EXCERPTED RECORDS:
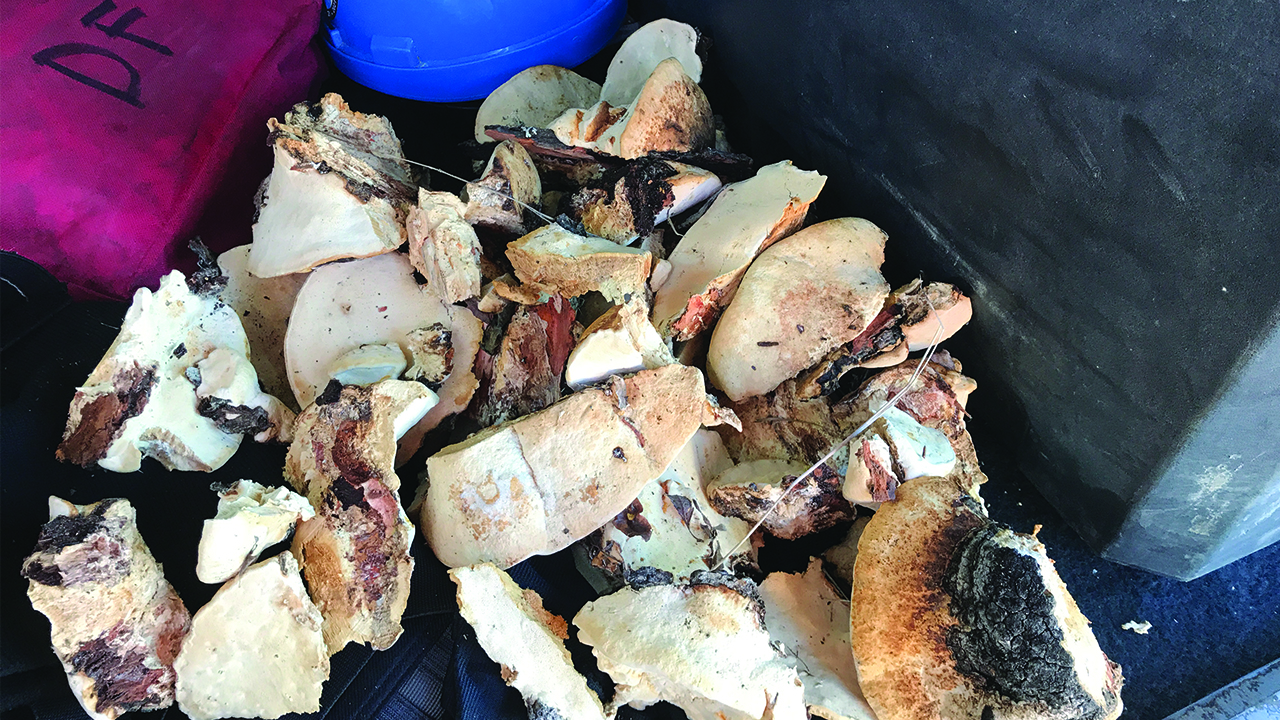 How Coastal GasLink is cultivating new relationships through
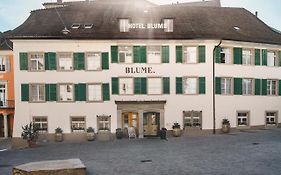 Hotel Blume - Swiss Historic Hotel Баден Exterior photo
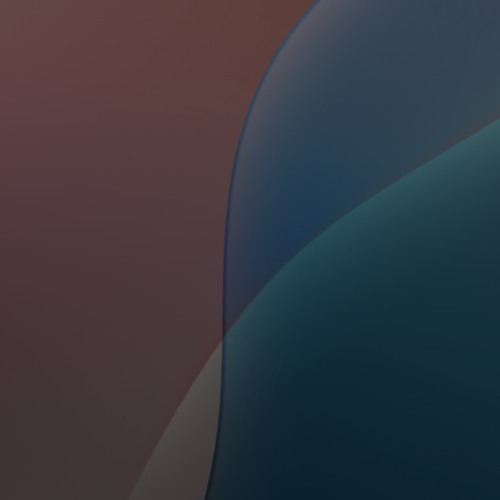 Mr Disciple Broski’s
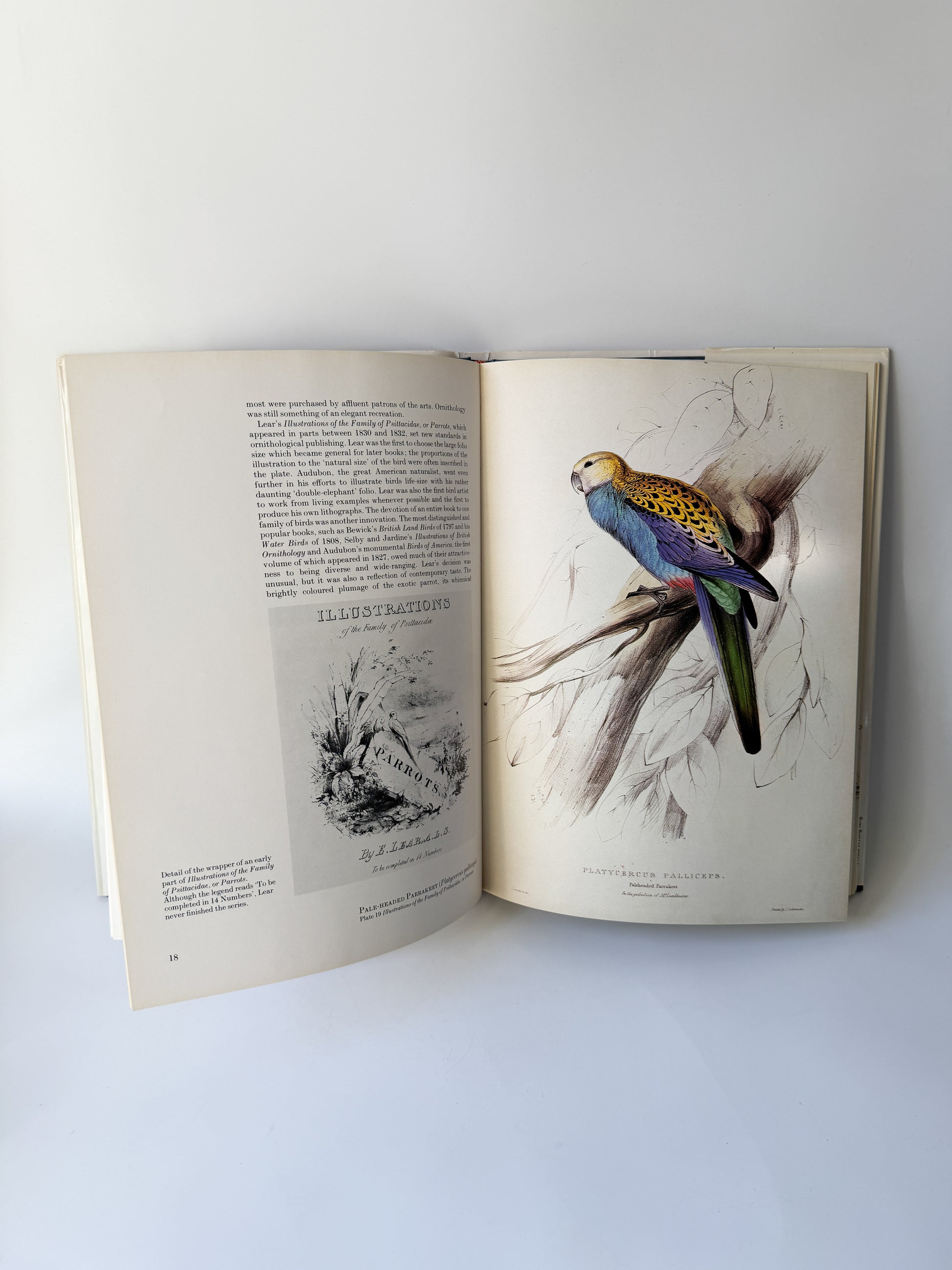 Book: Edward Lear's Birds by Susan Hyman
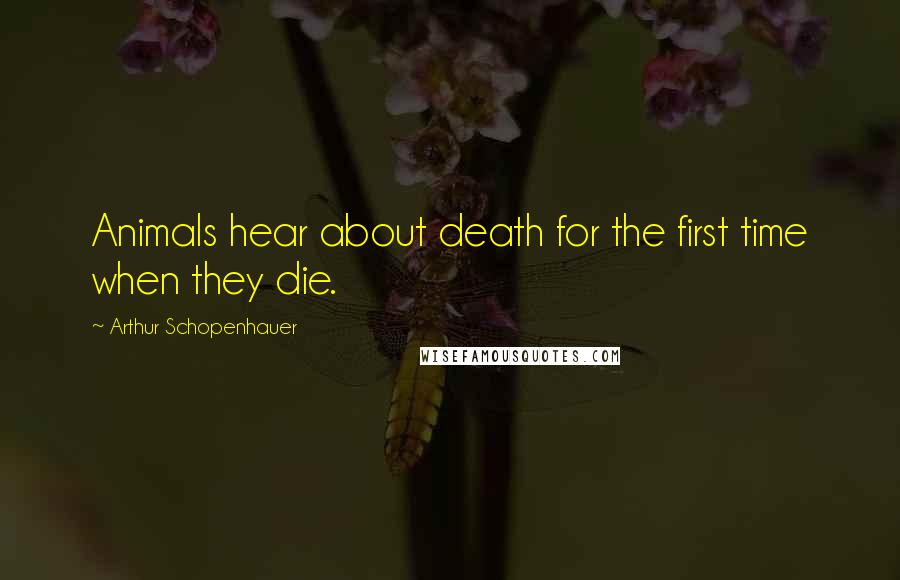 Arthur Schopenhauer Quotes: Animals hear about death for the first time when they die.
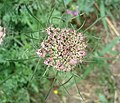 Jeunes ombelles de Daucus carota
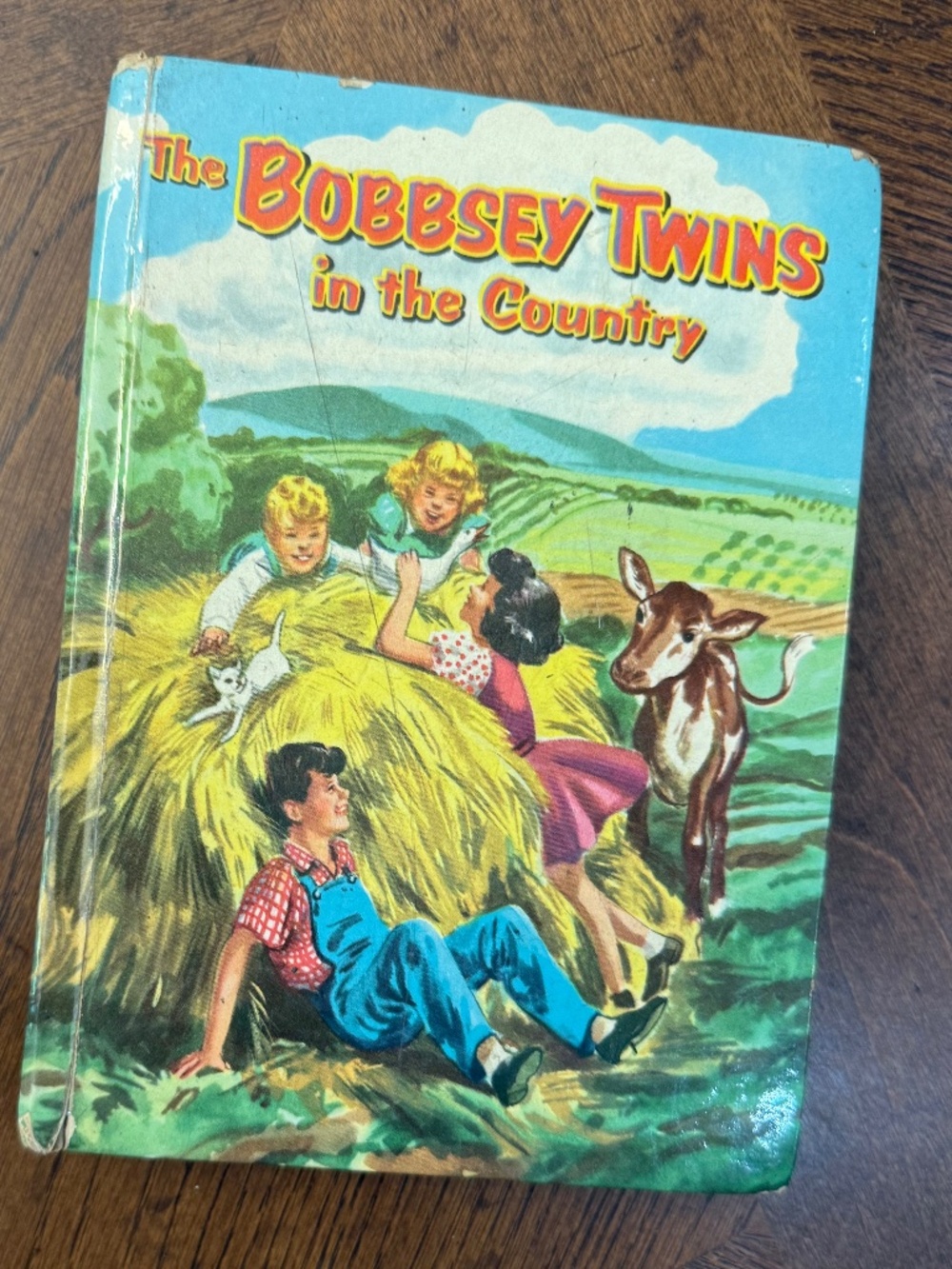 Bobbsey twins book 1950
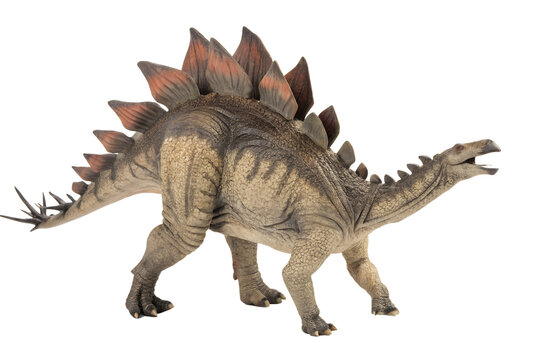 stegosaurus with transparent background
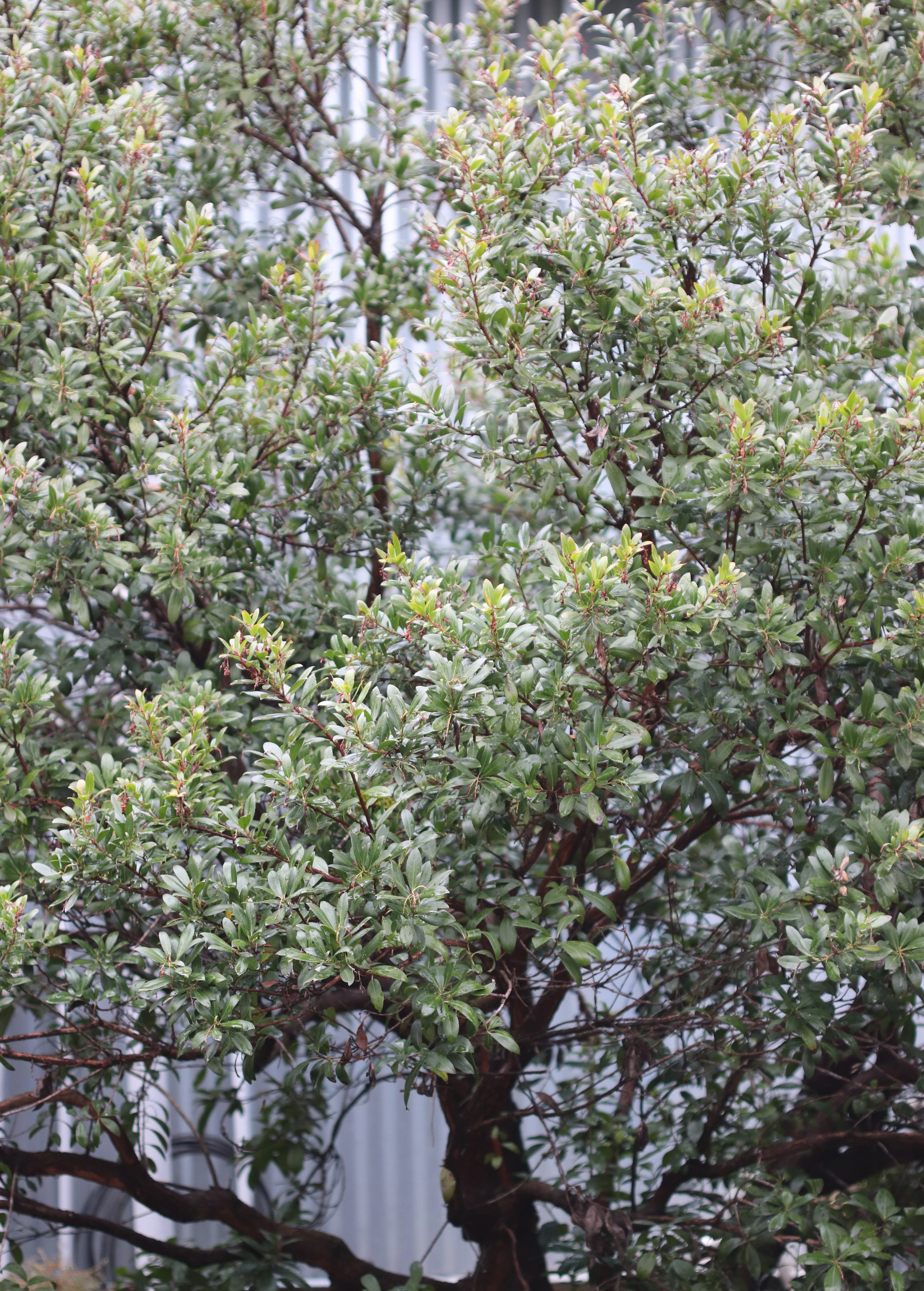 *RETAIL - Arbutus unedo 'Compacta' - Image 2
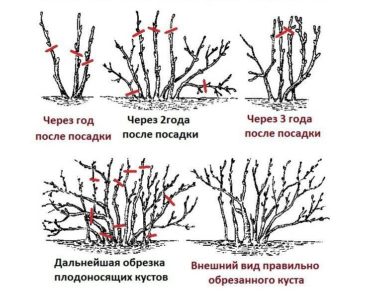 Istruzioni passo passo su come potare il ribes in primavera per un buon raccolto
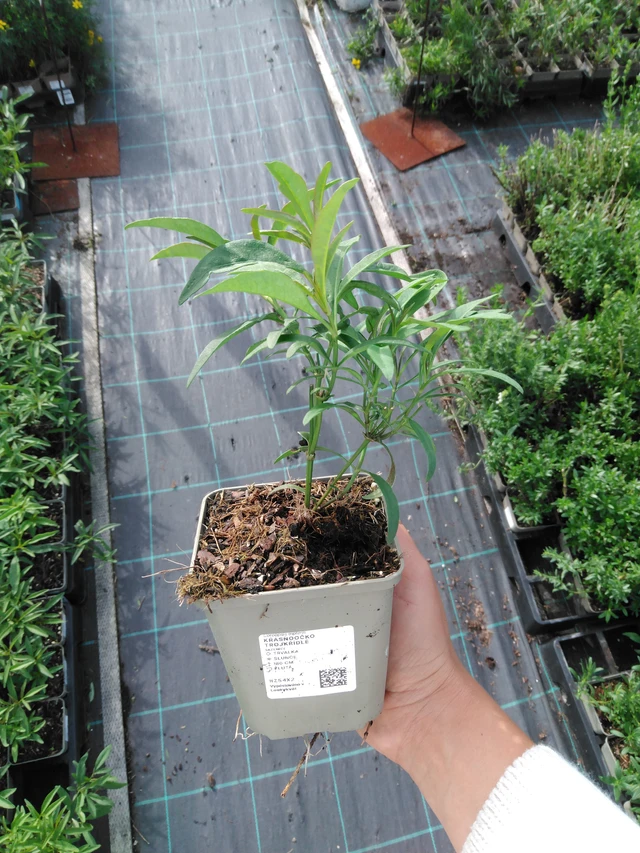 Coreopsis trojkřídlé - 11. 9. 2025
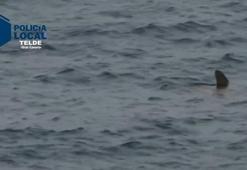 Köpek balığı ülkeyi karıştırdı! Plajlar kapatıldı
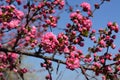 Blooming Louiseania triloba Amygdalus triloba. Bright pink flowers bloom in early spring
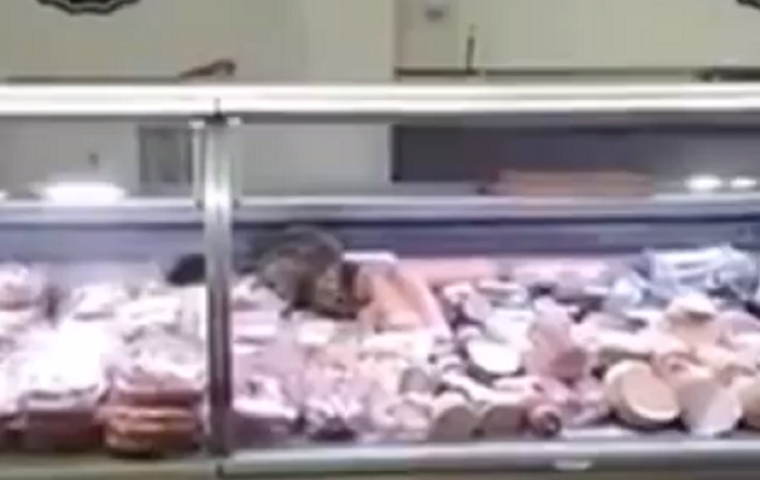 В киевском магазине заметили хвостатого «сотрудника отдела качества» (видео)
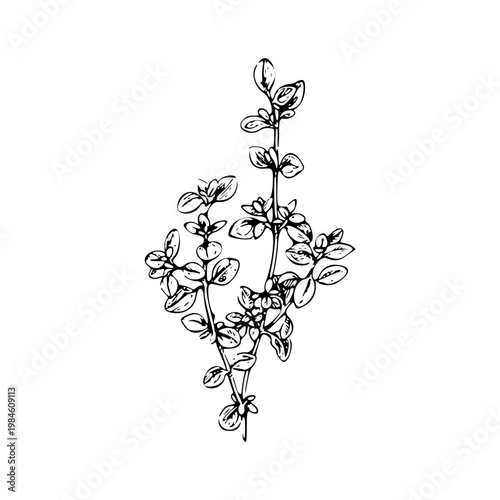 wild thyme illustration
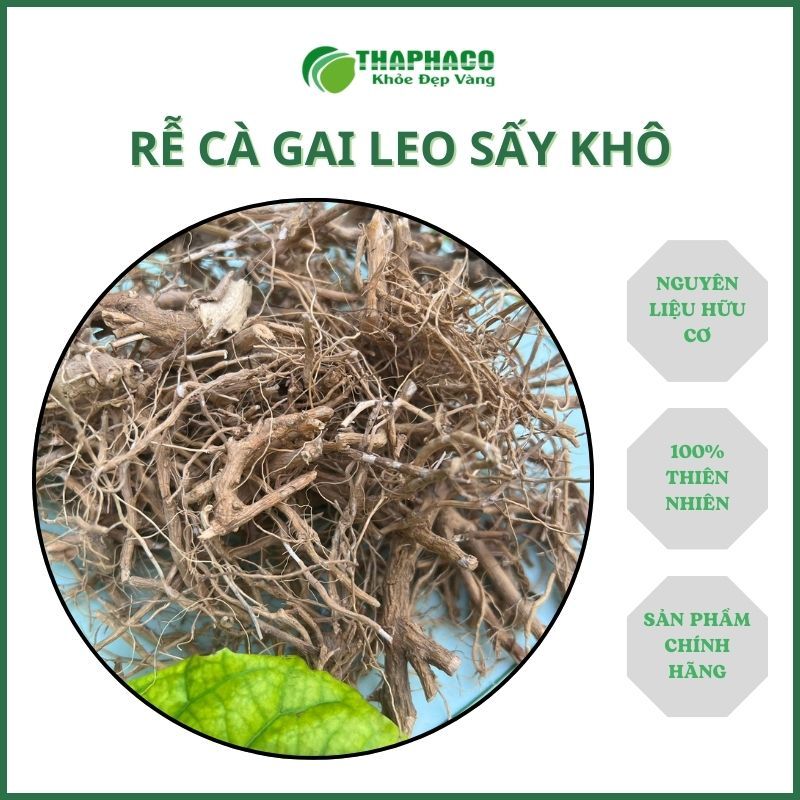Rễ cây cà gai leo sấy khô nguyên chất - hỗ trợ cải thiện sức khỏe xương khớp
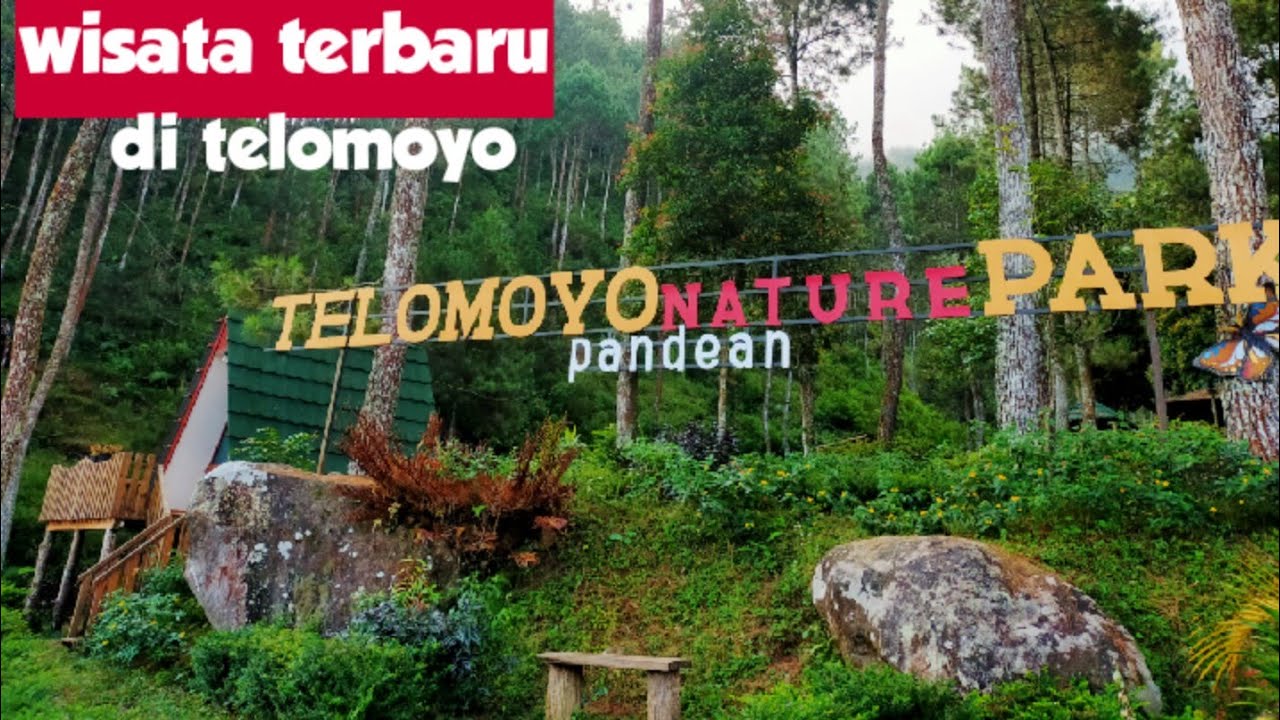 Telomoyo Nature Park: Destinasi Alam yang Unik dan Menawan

YOUR GOAL: I would like an exact copy of the lines from the one holding "Rễ cây cà gai" through the last line of the entries above, with the pictures left out.

SOLUTION FOR THIS PROBLEM:
Rễ cây cà gai leo sấy khô nguyên chất - hỗ trợ cải thiện sức khỏe xương khớp
 Telomoyo Nature Park: Destinasi Alam yang Unik dan Menawan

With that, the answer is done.